Why are we so tempted to re-evaluate everything we think we know about a person in the moments when they hurt us?
People are going to hurt us, and that doesn’t mean that they are actually NOT kind, that they do NOT care, or that we’ve misunderstood them. (Understand, I’m not talking about abusive relationships here). It just means that relationships are difficult.
Here’s what we need to learn: don’t give negative experiences with a person more weight than positive ones. At least, don’t let one negative experience wipe out ten positive ones. Give people credit for their history.
How do we do this?
Talk. Have a conversation. When someone has a history of treating you well followed by a really bad experience, talk to them.

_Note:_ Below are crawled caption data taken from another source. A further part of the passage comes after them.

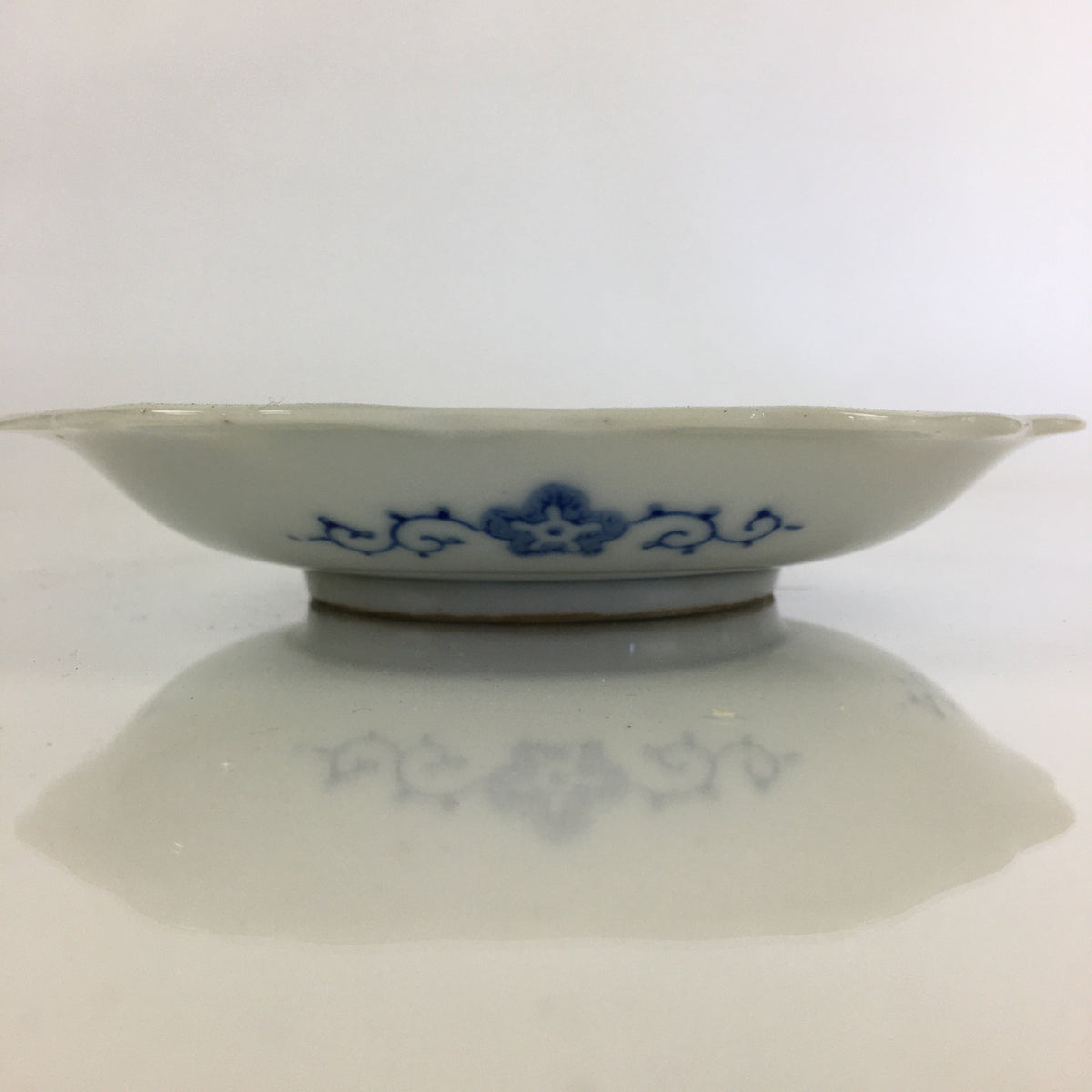 Japanese Porcelain Small Plate Vtg Landscape Of Mountain Village White Blue PY62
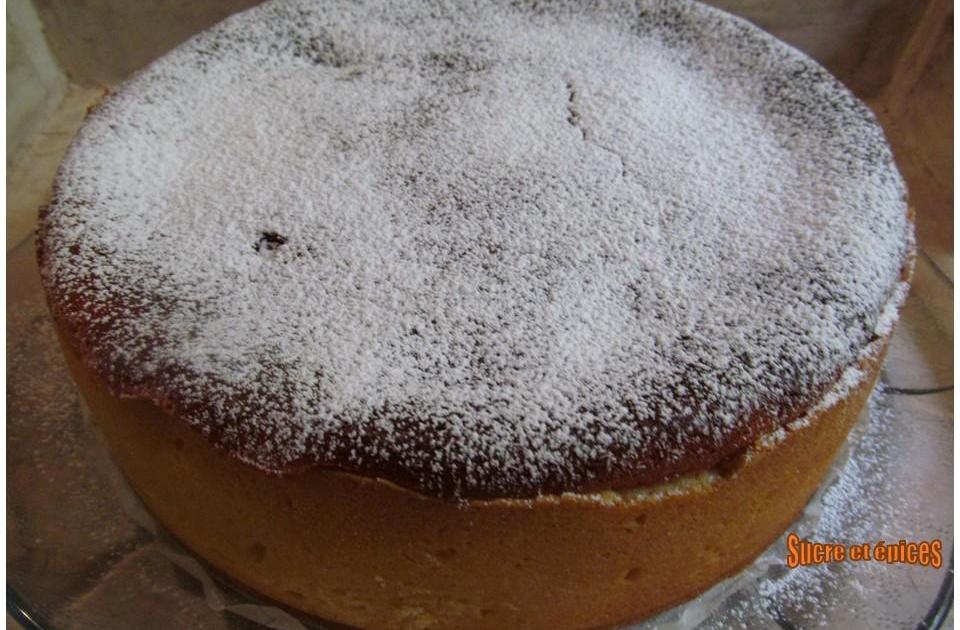 Tarte alsacienne au fromage blanc et rhubarbe (Käsekuchen) - Recette en vidéo
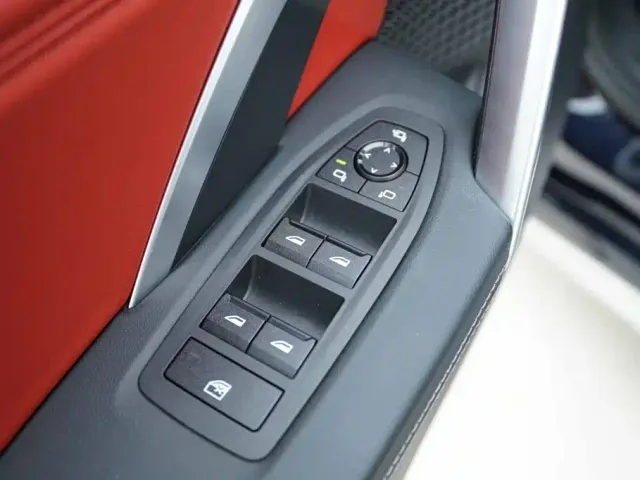 BMW X1 — Фото автомобиля 9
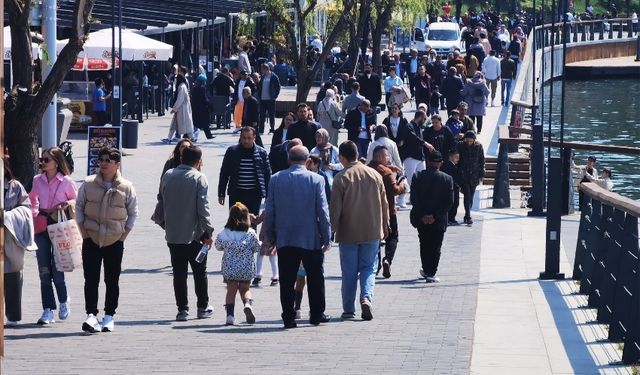 Bayram tatilinde sahillere akın ettiler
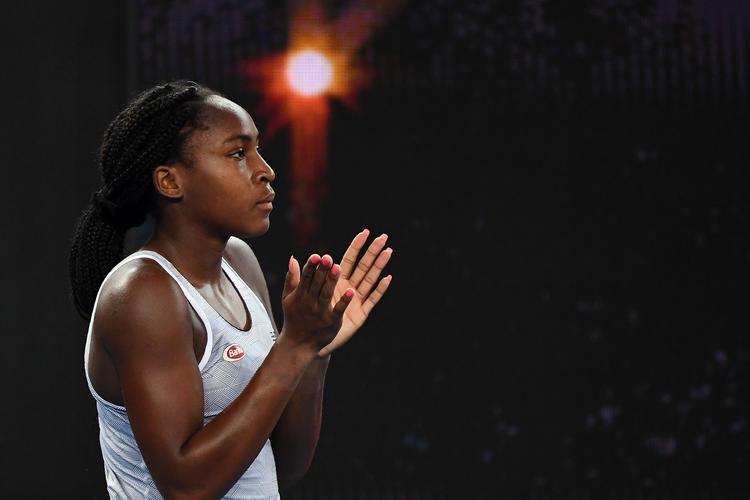 15-årige Coco Gauff fra USA nedkæmpede ved Australian Open sin berømte landsmand Venus Williams i 1. runde. Ligesom ved Wimbledon i 2019.
   Foto: Manan Vatsyayana/Ritzau Scanpix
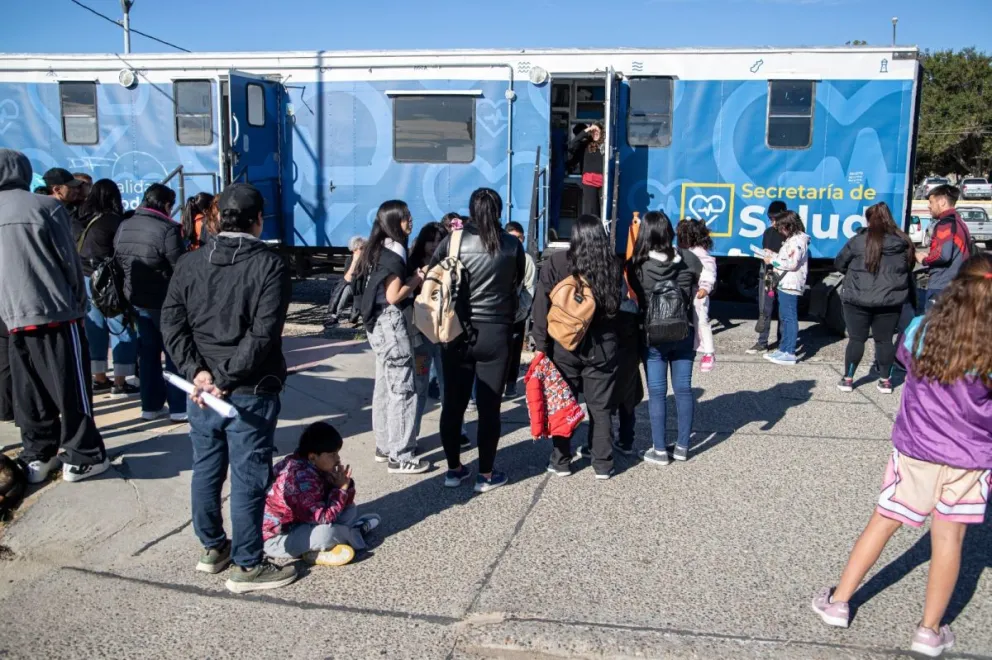 Gran concurrencia para realizar controles y vacunación preparando a los chicos para el ingreso escolar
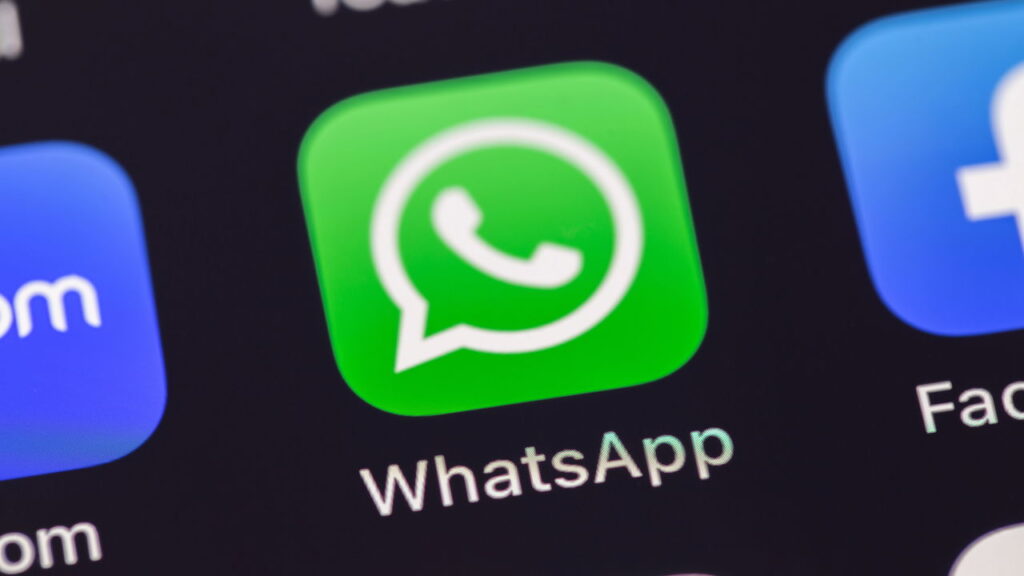 Psicologia explica o que está por trás de quem posta demais no WhatsApp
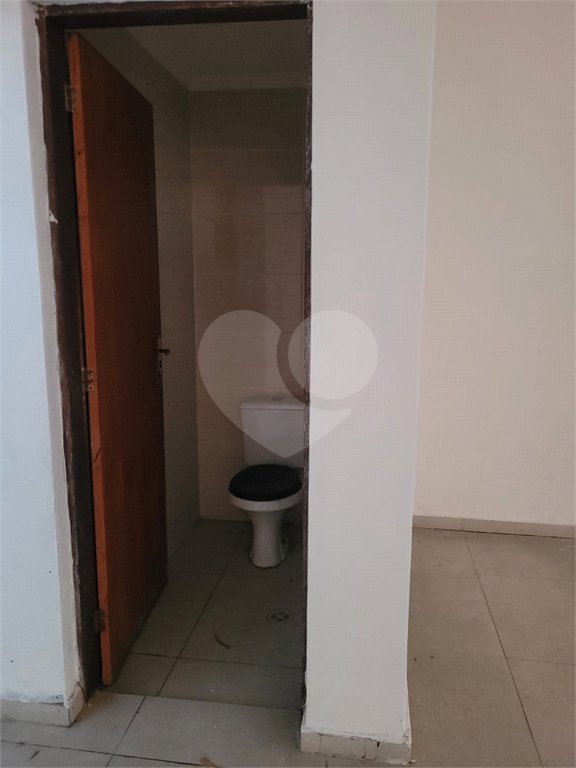 Salão para alugar em Vila Romanópolis, Ferraz de Vasconcelos, SP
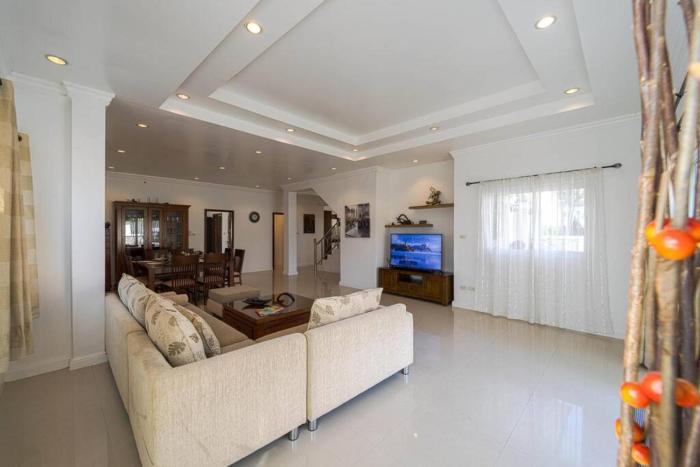luxurious 5 bed private pool villa pv5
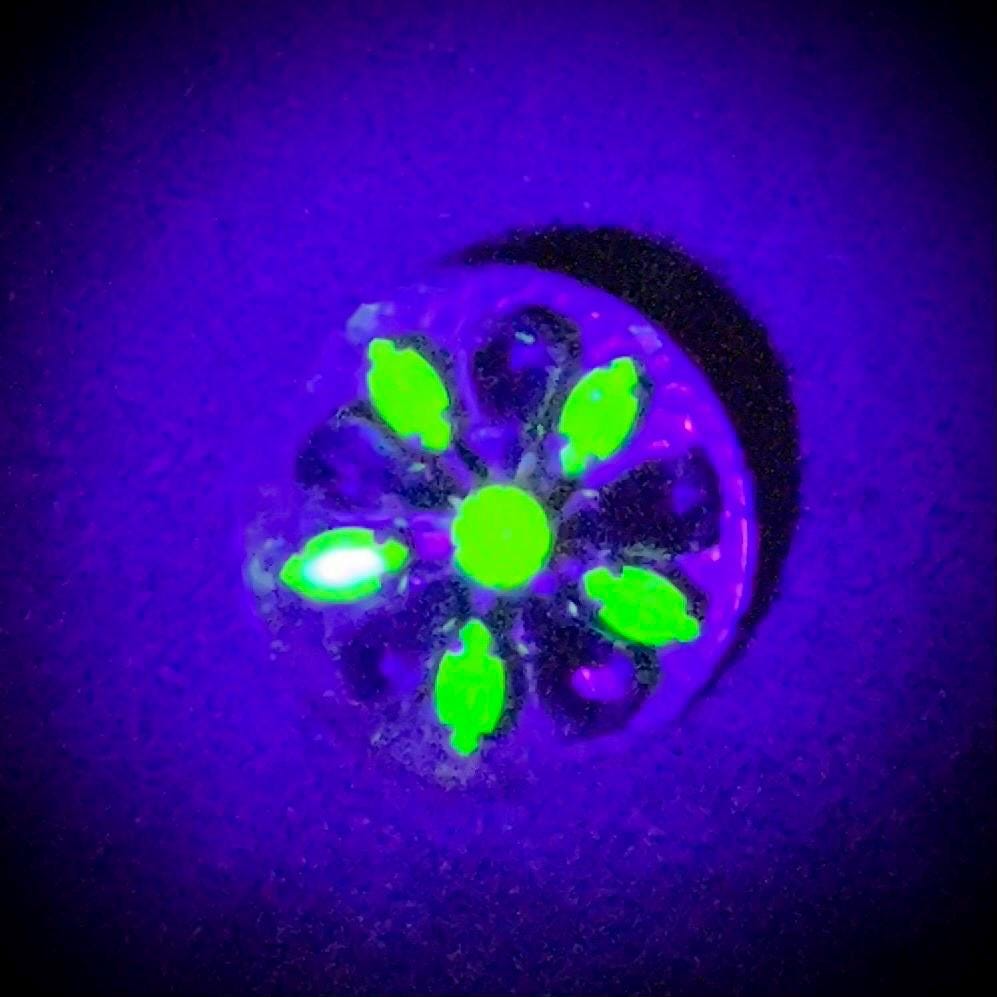 Vintage Green Uranium Crystal Round Brooch Hammered Gold Tone UV Reactive Rhinestone Jewellery MillyOliverVintage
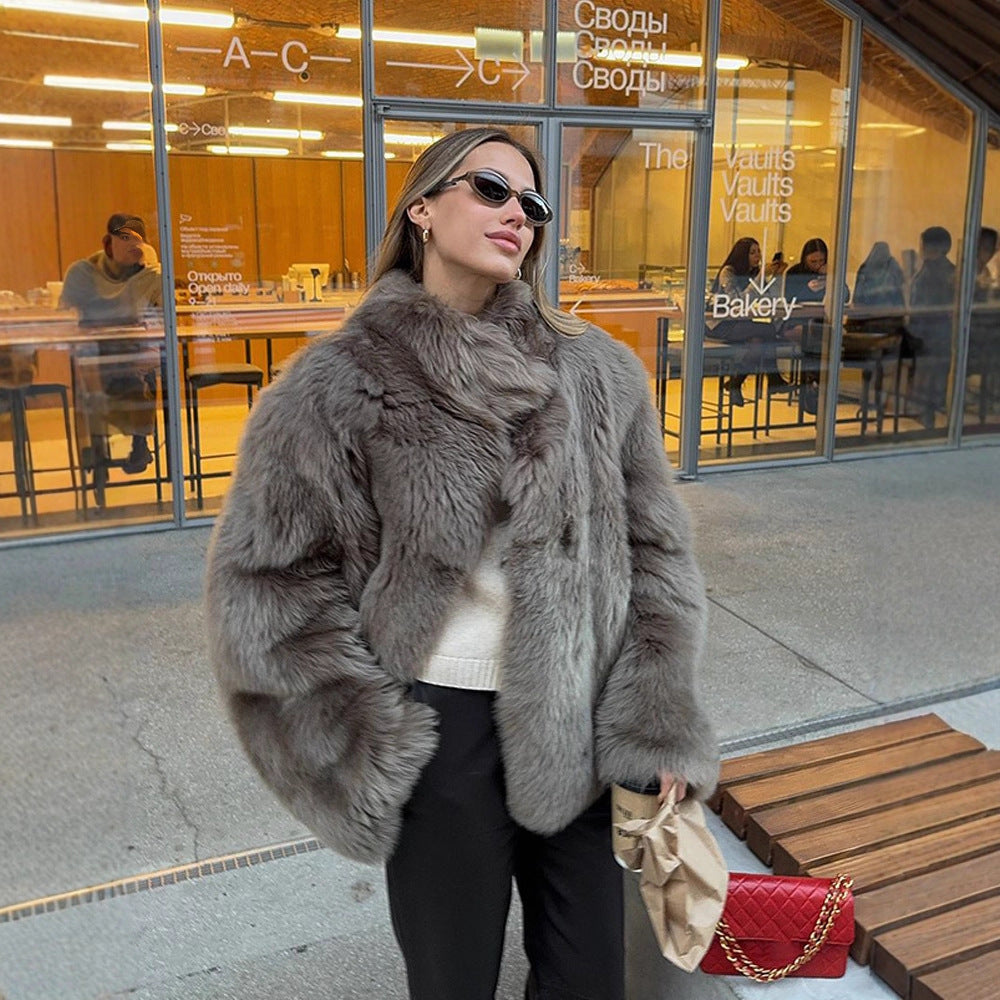 Damen Winterjacke aus Teddy-Kunstpelz für elegante Looks (2)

Wait until you’ve processed it with some trusted people, wait until you’ve calmed down a bit, and then approach the conversation with a sense of humility. “Hey, ___ happened, and I’m hurt. Would you mind sharing your perspective with me on this?”
Having a conversation can go a long ways towards overcoming relational problems. It provides clarity on the events, which may resolve the conflict in an of itself, and it grounds us. It prevents us from too hasty in our judgments of others. That’s really our main goal: learning not to be too hasty in judging others.